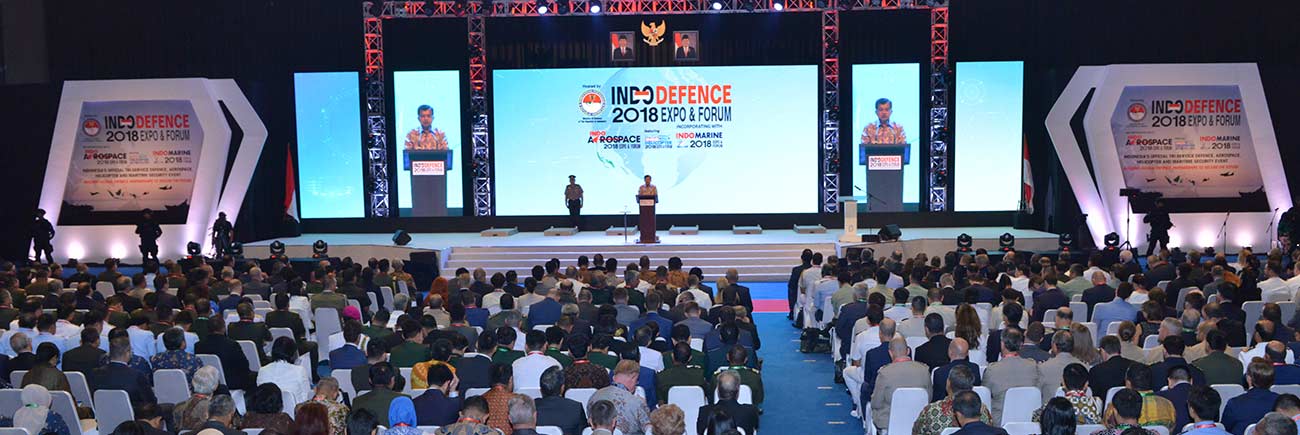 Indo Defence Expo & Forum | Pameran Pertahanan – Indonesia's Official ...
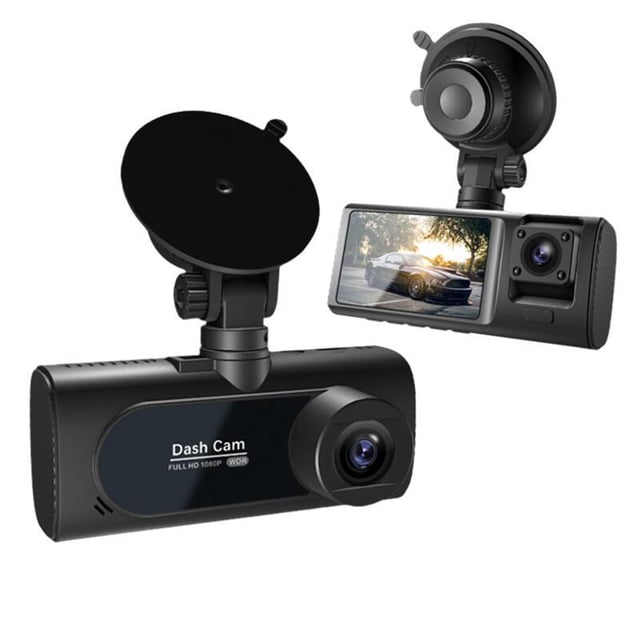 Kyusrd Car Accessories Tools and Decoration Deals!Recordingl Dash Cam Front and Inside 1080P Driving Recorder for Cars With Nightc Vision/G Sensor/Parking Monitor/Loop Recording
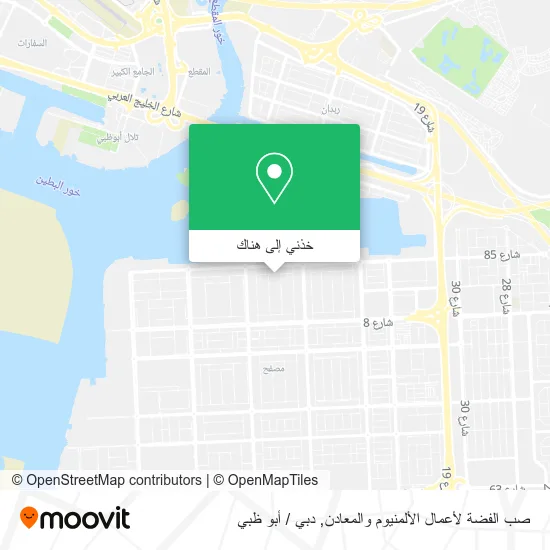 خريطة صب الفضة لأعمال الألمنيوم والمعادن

= = = = = = =

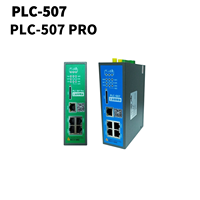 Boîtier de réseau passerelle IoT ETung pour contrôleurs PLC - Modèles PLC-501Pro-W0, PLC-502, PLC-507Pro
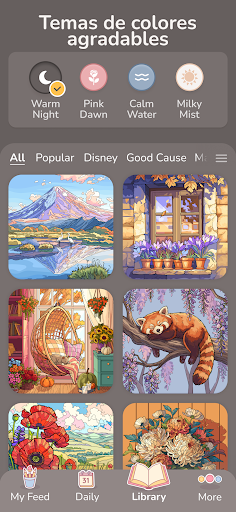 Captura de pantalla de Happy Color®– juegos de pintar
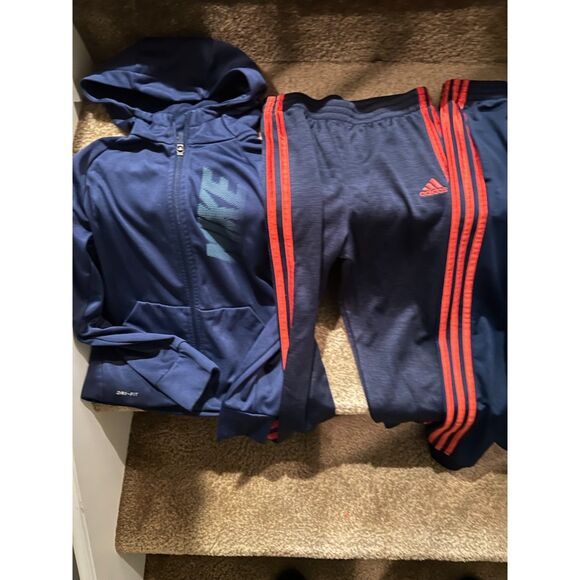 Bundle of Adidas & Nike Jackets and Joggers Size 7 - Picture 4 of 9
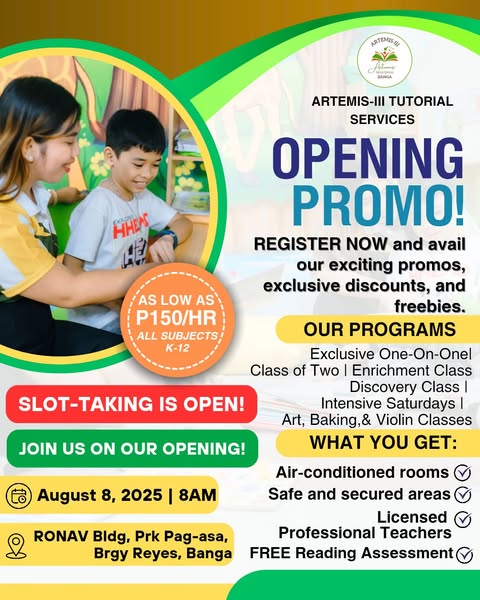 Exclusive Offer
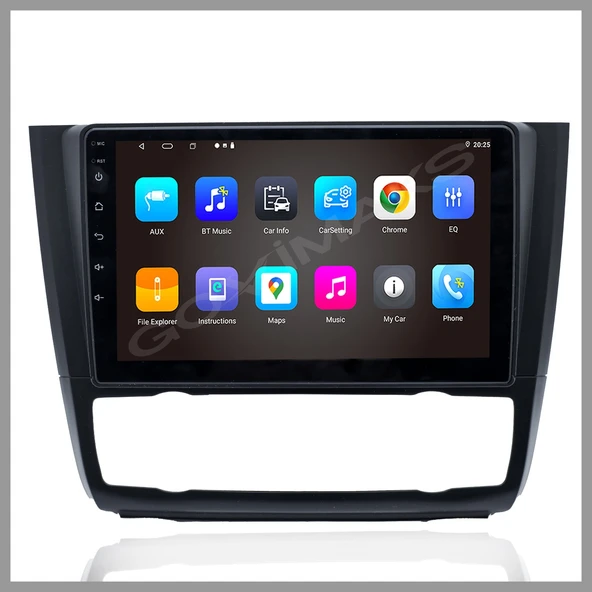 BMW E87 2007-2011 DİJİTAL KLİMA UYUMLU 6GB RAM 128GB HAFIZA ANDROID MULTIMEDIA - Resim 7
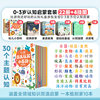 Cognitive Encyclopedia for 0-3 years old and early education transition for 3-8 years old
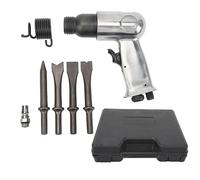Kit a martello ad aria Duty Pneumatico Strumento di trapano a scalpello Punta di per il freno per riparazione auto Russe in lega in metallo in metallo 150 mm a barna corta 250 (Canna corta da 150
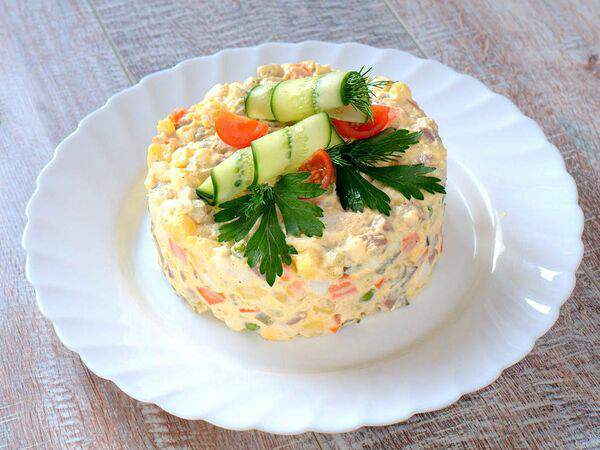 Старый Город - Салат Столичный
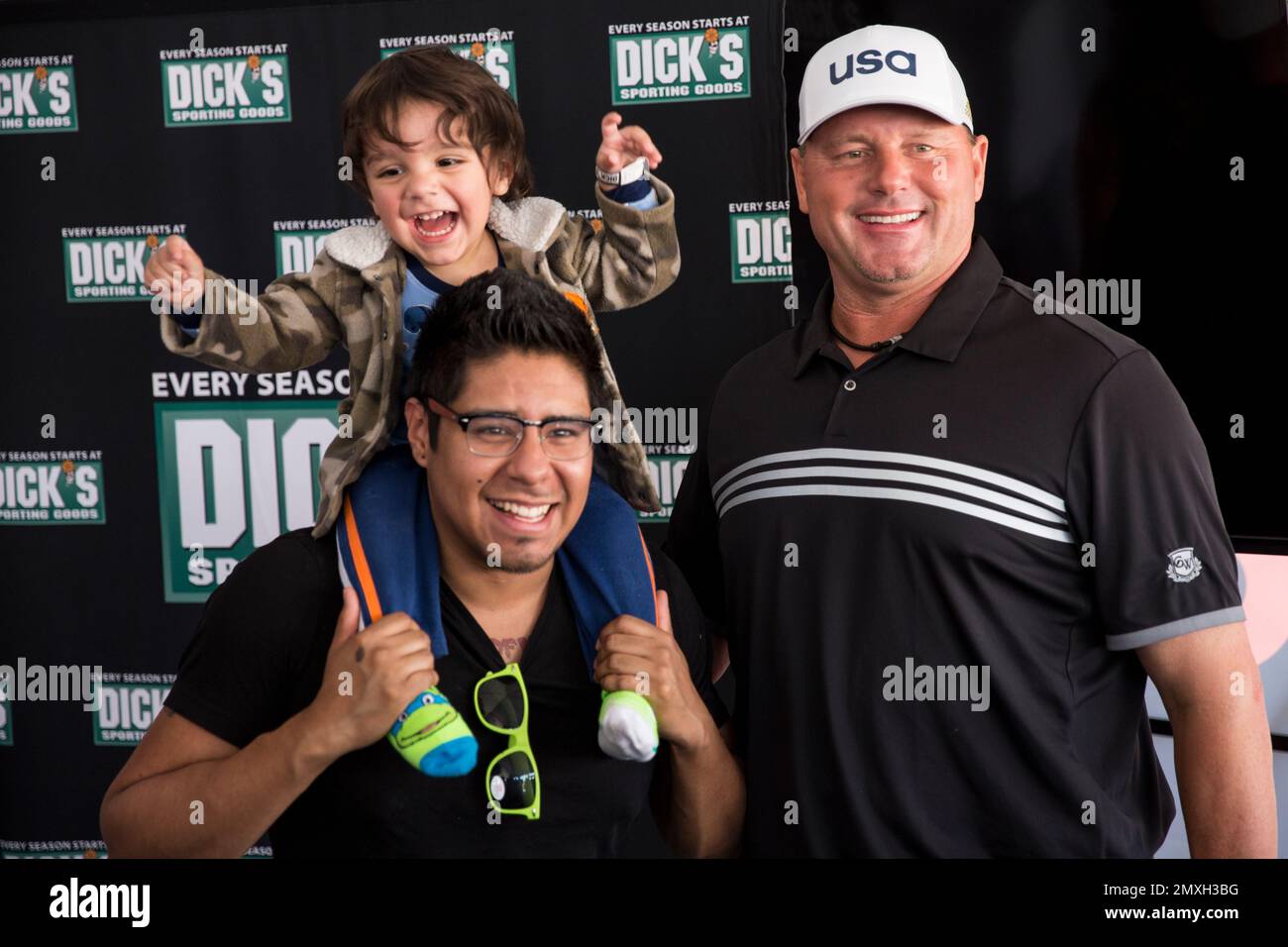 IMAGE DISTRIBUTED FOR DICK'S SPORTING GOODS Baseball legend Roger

= = = = = = =

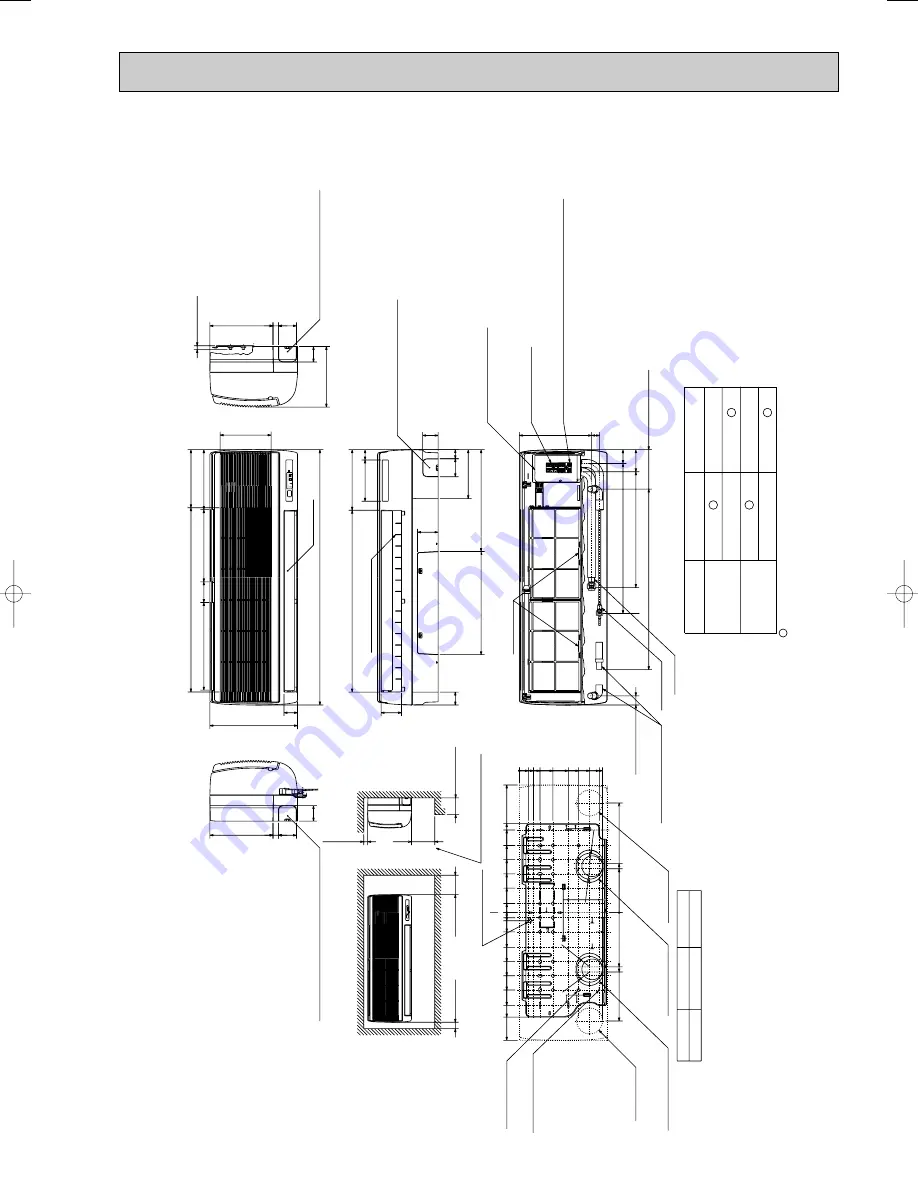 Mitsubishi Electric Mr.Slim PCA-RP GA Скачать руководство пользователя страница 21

= = = = = = =

## WHAT IS REQUIRED
Among the entries above, take the line with "Indo Defence Expo", the line with "خريطة صب الفضة لأعمال الألمنيوم والمعادن", and all the lines between them, and restate them word for word without pictures.

## EXERCISE RESULT
 Indo Defence Expo & Forum | Pameran Pertahanan – Indonesia's Official ...
 Kyusrd Car Accessories Tools and Decoration Deals!Recordingl Dash Cam Front and Inside 1080P Driving Recorder for Cars With Nightc Vision/G Sensor/Parking Monitor/Loop Recording
 خريطة صب الفضة لأعمال الألمنيوم والمعادن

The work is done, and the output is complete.